> Exercise details: For the listing below, the answer is an exact retyping of the lines from the one with "Bílá 115x215 Dveřní" through the one with "Free People Riptide", both included, without pictures.

─── Extracted records ───

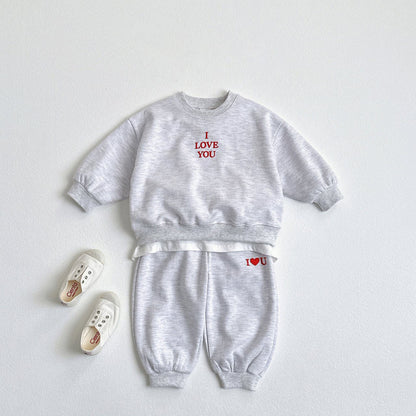 Toddler F25 I LOVE YOU Embroidery Long Sleeve Top and Jogger Pants Set (1 - 6y) - 3 Colors kids outfit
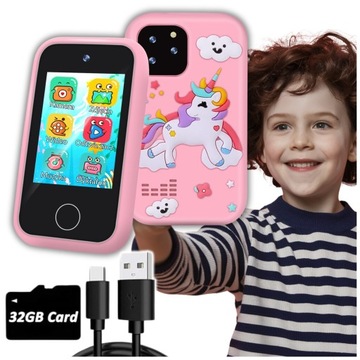 DZIECIĘCY TELEFON ZABAWOWY SMARTFON Z APARATEM KAMERA I GRY + KARTA 32GB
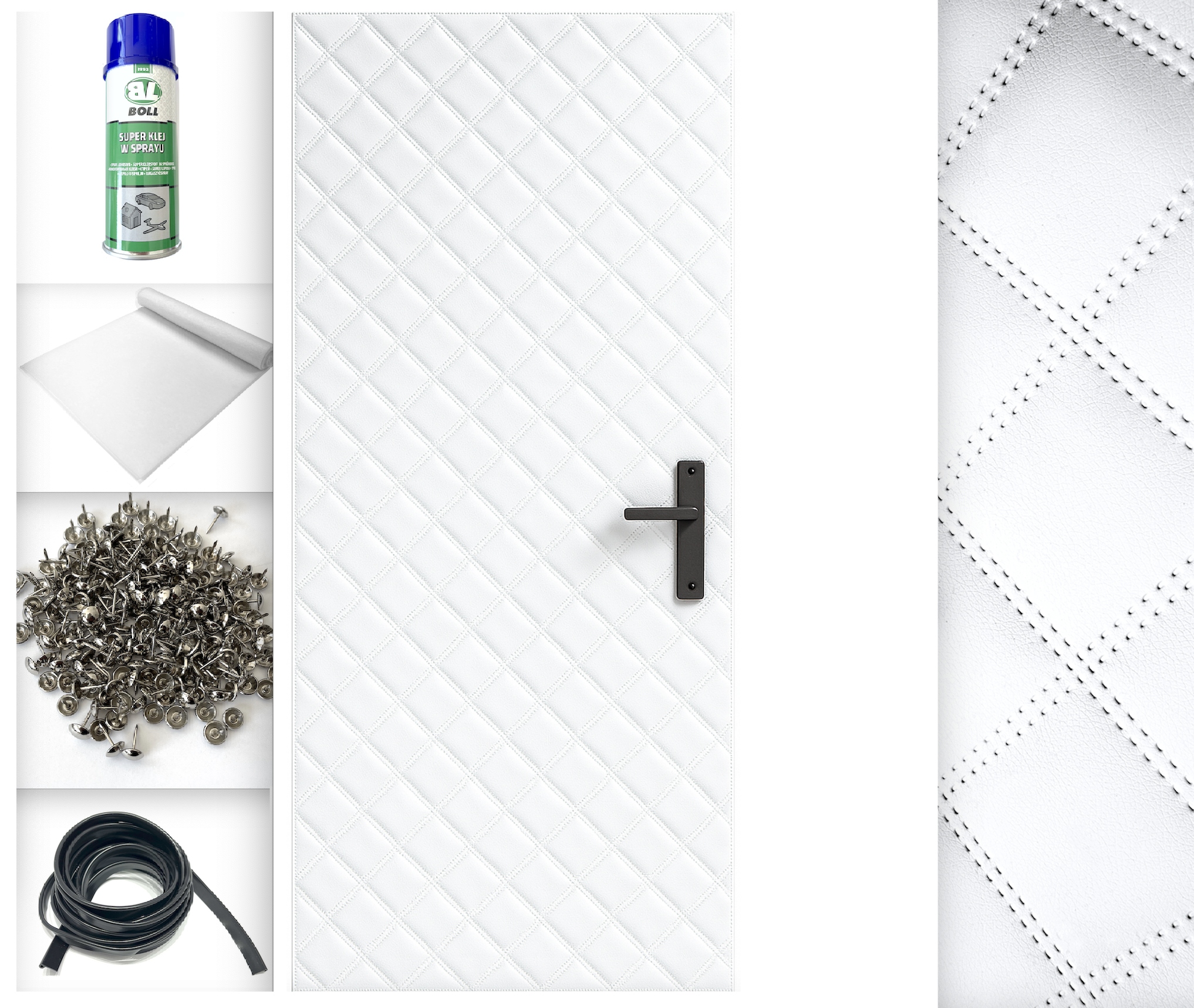 Bílá 115x215 Dveřní Čalounění Potah na dveře Prošívaný Příslušenství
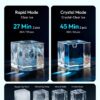 EUHOMY 2.2'' Clear Ice Cube Maker Countertop with APP, 2 Square Ice Ready in 27 Mins for Whiskey, Slow-Melting & Self-Cleaning, 110 Pcs/Day, 24H Timer, Clear Ice Maker with Ice Tong for Home/Bar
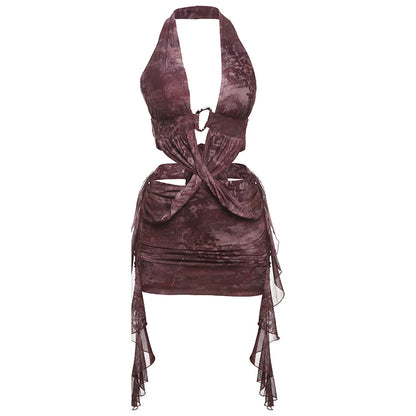 Backless Tassel Cross Metal Rings Halter Mini Dress PURPLE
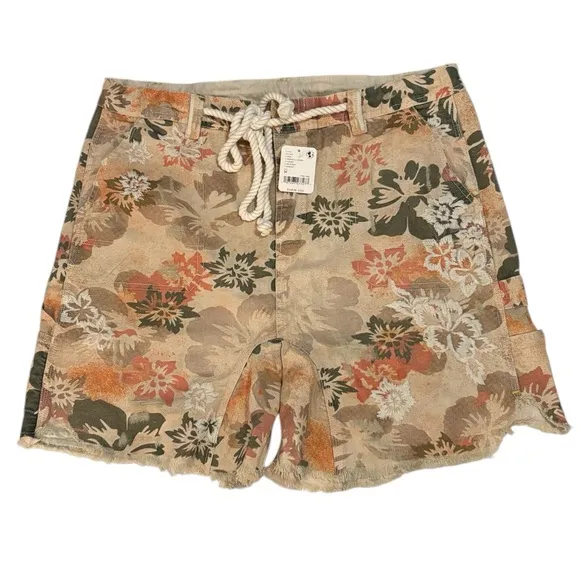 Free People Riptide Canvas Shorts in Tropical Combo Size M. NWT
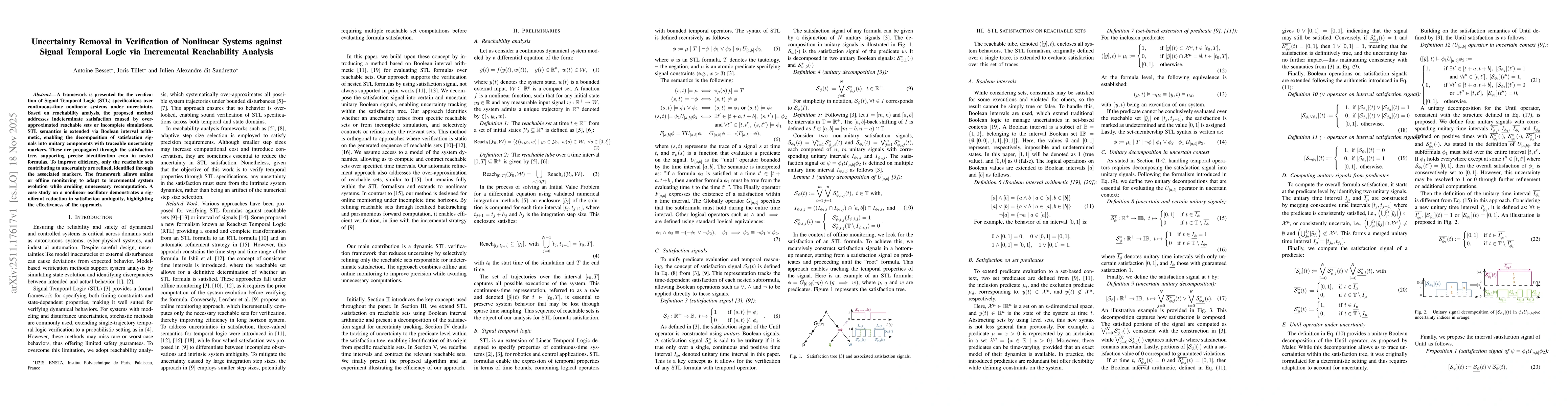 Thumbnail for Uncertainty Removal in Verification of Nonlinear Systems against Signal Temporal Logic via Incremental Reachability Analysis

───

> Result below:
 Bílá 115x215 Dveřní Čalounění Potah na dveře Prošívaný Příslušenství
 EUHOMY 2.2'' Clear Ice Cube Maker Countertop with APP, 2 Square Ice Ready in 27 Mins for Whiskey, Slow-Melting & Self-Cleaning, 110 Pcs/Day, 24H Timer, Clear Ice Maker with Ice Tong for Home/Bar
 Backless Tassel Cross Metal Rings Halter Mini Dress PURPLE
 Free People Riptide Canvas Shorts in Tropical Combo Size M. NWT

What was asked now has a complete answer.